--- DATA TO USE ---

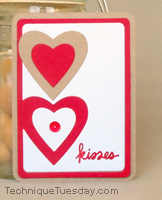 Inset Hearts Kisses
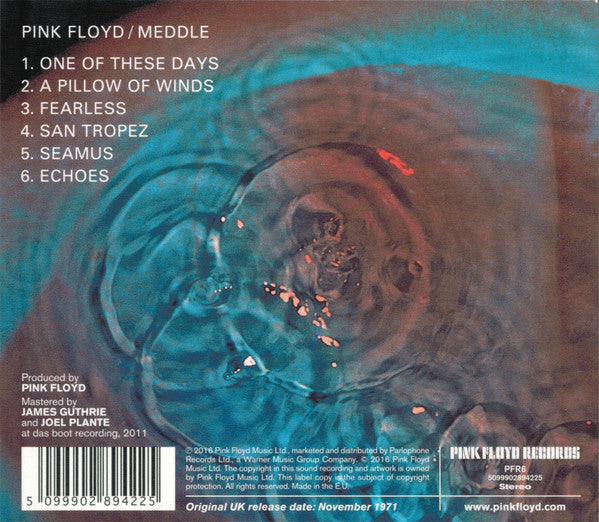 Pink Floyd – Meddle - Cd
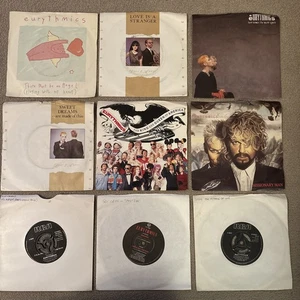 9 x Eurythmics 7” Vinyl Singles Bundle incl. Sweet Dreams, Here comes the rain - Picture 1 of 10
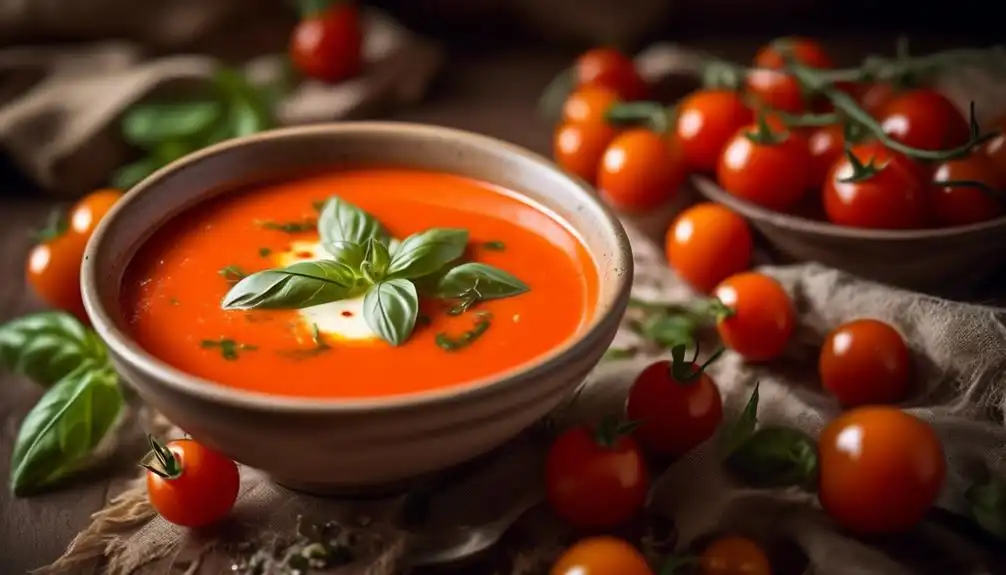 Low Carb Cherry Tomato Soup Recipe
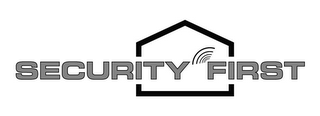 SECURITY FIRST logo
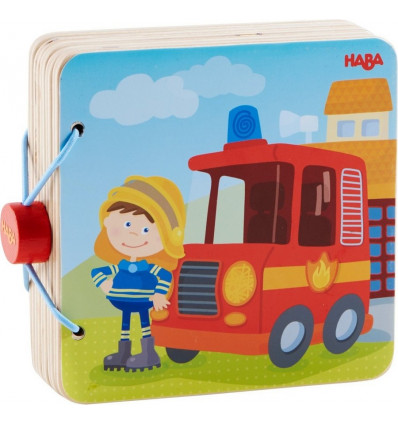 HABA Babyboek hout - Brandweer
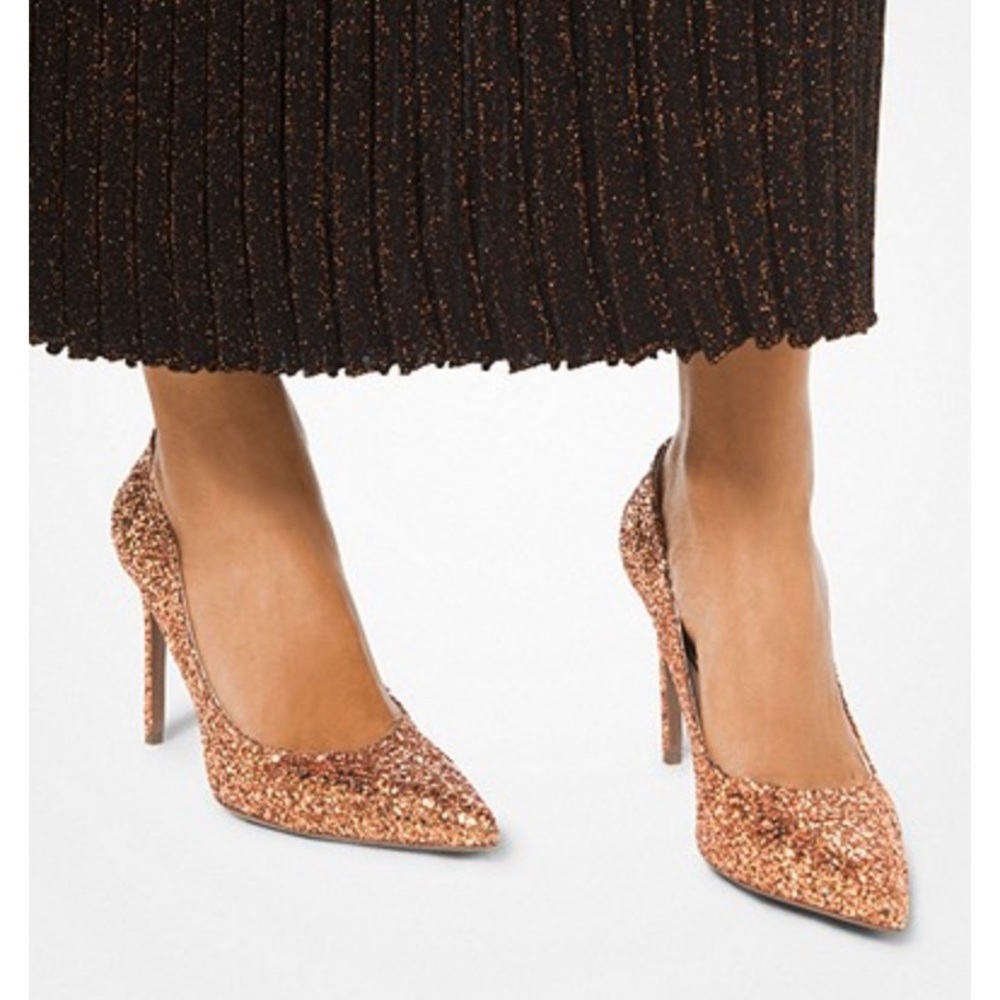 Michael Kors collection glitter pump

---

◆ WHAT THE TASK REQUIRES
Retype the records above exactly. Leave the pictures out.

◆ THE COMPLETED TASK
 Inset Hearts Kisses
 Pink Floyd – Meddle - Cd
 9 x Eurythmics 7” Vinyl Singles Bundle incl. Sweet Dreams, Here comes the rain - Picture 1 of 10
 Low Carb Cherry Tomato Soup Recipe
 SECURITY FIRST logo
 HABA Babyboek hout - Brandweer
 Michael Kors collection glitter pump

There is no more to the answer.